UNITED STATES DISTRICT COURT FOR THE DISTRICT OF NEW JERSEY CAMDEN VICINAGE
Jun 11, 2021
Civil No. 20-20028 (RMB/KMW) (D.N.J. Jun. 11, 2021)

Opinion

Civil 20-20028 (RMB/KMW)

06-11-2021

DENNIS MAURER, Plaintiff, v. GL QICHEN INVESTMENT LTD, Defendant.

Shadinger Law, LLC Jon G. Shadinger, Jr. Esq. Attorney for Plaintiff Hang & Associates, PLLC Ge Qu, Esq. Attorney for Defendant


Shadinger Law, LLC

Jon G. Shadinger, Jr. Esq.

Attorney for Plaintiff

Hang & Associates, PLLC

Ge Qu, Esq.

Attorney for Defendant

OPINION

RENÉE MARIE BUMB UNITED STATES DISTRICT JUDGE

This matter comes before the Court upon its own Motion. Plaintiff Dennis Maurer brings this action under the Americans with Disabilities Act, 42 U.S.C. § 12181 et. seq. and the New Jersey Law Against Discrimination, N.J.S.A. 10:5-12. In addition, Defendant GL Qichen Investment LTD has filed a Motion to Dismiss for Insufficient Service, which is currently pending before the Court. [Docket No. 16].

I. ANALYSIS

A. Standing

In reviewing the Complaint, the Court is not satisfied that Plaintiff has established the Court's jurisdiction. “The federal courts are under an independent obligation to examine their own jurisdiction, and standing ‘is perhaps the most important of [the jurisdictional] doctrines.'” FW/PBS, Inc. v. City of Dallas, 493 U.S. 215, 231 (1990) (modification in original) (quoting Allen v. Wright, 468 U.S. 737, 750 (1984)). A plaintiff states a viable claim when he satisfies three elements; the plaintiff must have: “(1) suffered an injury in fact, (2) that is fairly traceable to the challenged conduct of the defendant, and (3) that is likely to be redressed by a favorable judicial decision.” Spokeo, Inc. v. Robins, 136 S.Ct. 1540, 1547 (2016). Plaintiff, as the party invoking federal jurisdiction, bears the burden of establishing these elements. Id.

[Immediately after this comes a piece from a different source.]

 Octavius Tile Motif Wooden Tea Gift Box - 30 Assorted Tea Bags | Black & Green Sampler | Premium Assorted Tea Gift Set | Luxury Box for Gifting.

Injury in fact is the “‘[f]irst and foremost' of standing's three requirements.” Id. (quoting Steel Co. v. Citizens for Better Environment, 523 U.S. 83, 103 (1998). Moreover, this is a constitutional requirement that Congress cannot erase. Id. at 1547-48. A plaintiff establishes injury in fact only by showing that “he or she suffered ‘an invasion of a legally protected interest' that is ‘concrete and particularized,' and ‘actual or imminent, not conjectural or hypothetical.'” Id. at 1548 (quoting Lujan v. Defenders of Wildlife, 504 U.S. 555, 560 (1992)). “For an injury to be ‘particularized,' it must affect the plaintiff in a personal and individual way.” Id. (cleaned-up). An injury is “concrete” only when it is “de facto; that is, it must actually exist.” Id.

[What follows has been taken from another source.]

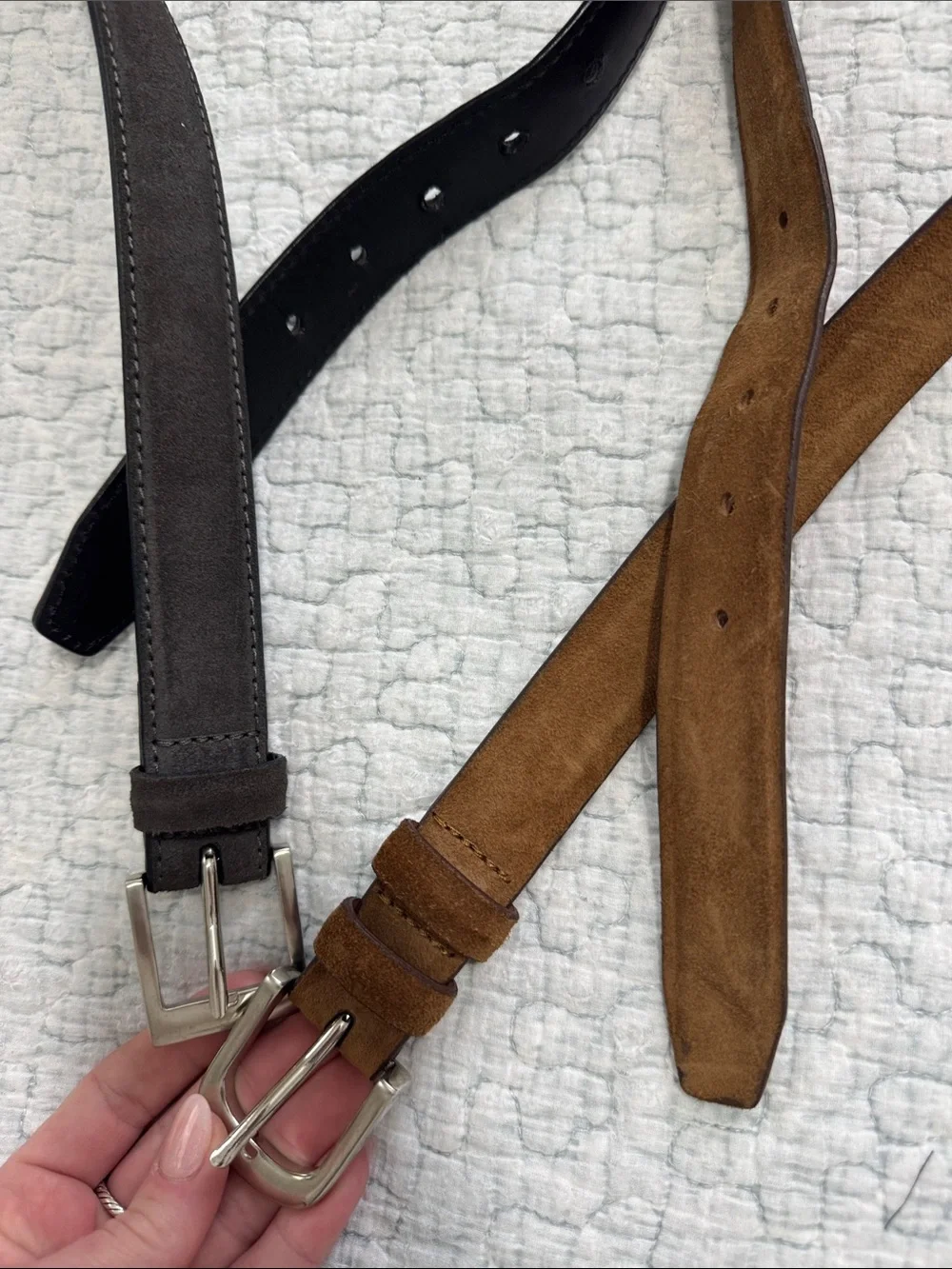 Reversible Men's Suede Belt - Black & Brown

Where, as here, a plaintiff seeks prospective injunctive relief, he satisfies the injury in fact requirement only by showing that he is “‘likely to suffer future injury' from the defendant's conduct.” McNair v. Synapse Grp. Inc., 672 F.3d 213, 223 (3d Cir. 2012) (quoting City of Los Angeles v. Lyons, 461 U.S. 95, 105 (1983)); see also Indep. Project, Inc. v. Shore Point Plaza, LLC, No. 18-cv-15048(FLW/ZNQ), 2020 WL 6363714, at *2 (D.N.J. Oct. 29, 2020). Stated differently, “past exposure to illegal conduct does not show a present claim for injunctive relief.” Indep. Project, Inc., 2020 WL 6363714, at *2 (quoting Brown v. Fauver, 819 F.2d 395, 400 (3d Cir. 1987)).

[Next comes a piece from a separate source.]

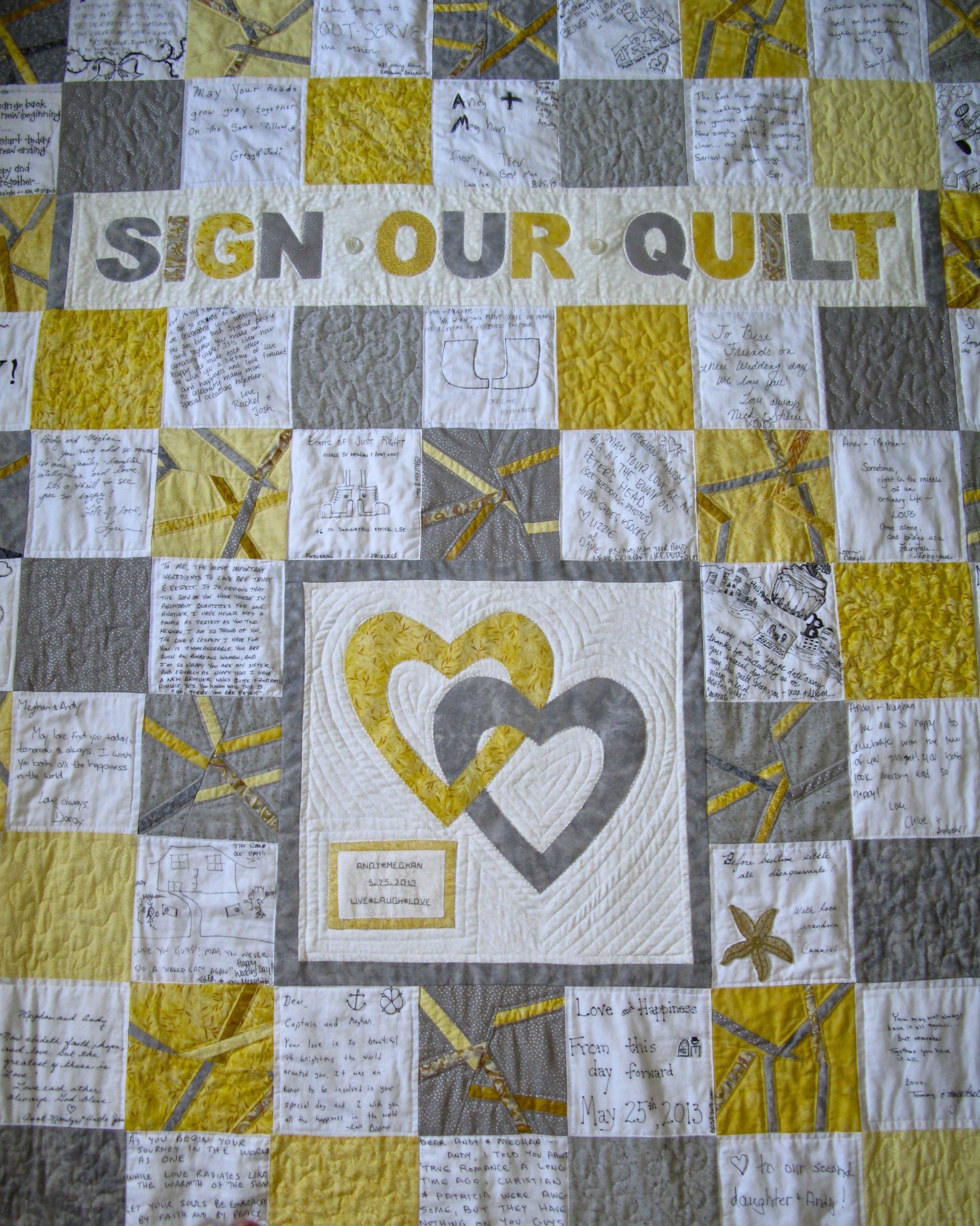 Quilt Wedding Guest Book
 Close up of wedding guest book quilt for my son and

Consistent with these standards, courts within this District rely on a four-factor test to determine whether a plaintiff has pleaded a concrete and particularized injury for an ADA claim: (1) the plaintiff's proximity to the defendant's place of public accommodation; (2) the plaintiff's past patronage; (3) the plaintiff's frequency of nearby travel; and (4) the definiteness of the plaintiff's plan to return. Louisiana Counseling & Fam. Servs. Inc. v. Mt. Fuji Japanese Rest., 08-cv-6143, 2014 WL 941353, at *7 (D.N.J. Mar. 11, 2014), aff'd sub nom. Brown v. Mt. Fuji Japanese Rest., 615 Fed.Appx. 757 (3d Cir. 2015); Indep. Project, Inc., 2020 WL 6363714, at *2.

Within the Third Circuit, some District Courts use a substantially similar test. See e.g., Hollinger v. Reading Health Sys., No. CV 15-5249, 2017 WL 429804, at *4 (E.D. Pa. Jan. 31, 2017) (reciting the test for evaluating standing under the ADA as “(1) plaintiff has alleged defendant engaged in past discriminatory conduct that violates the ADA; (2) it is reasonable to infer from the allegations in the complaint that the discriminatory conduct will continue; and (3) it is reasonable to infer based on past patronage, proximity of the place to the plaintiff's home, business, or personal connections to the area, that the plaintiff intends to return to the place in the future.”).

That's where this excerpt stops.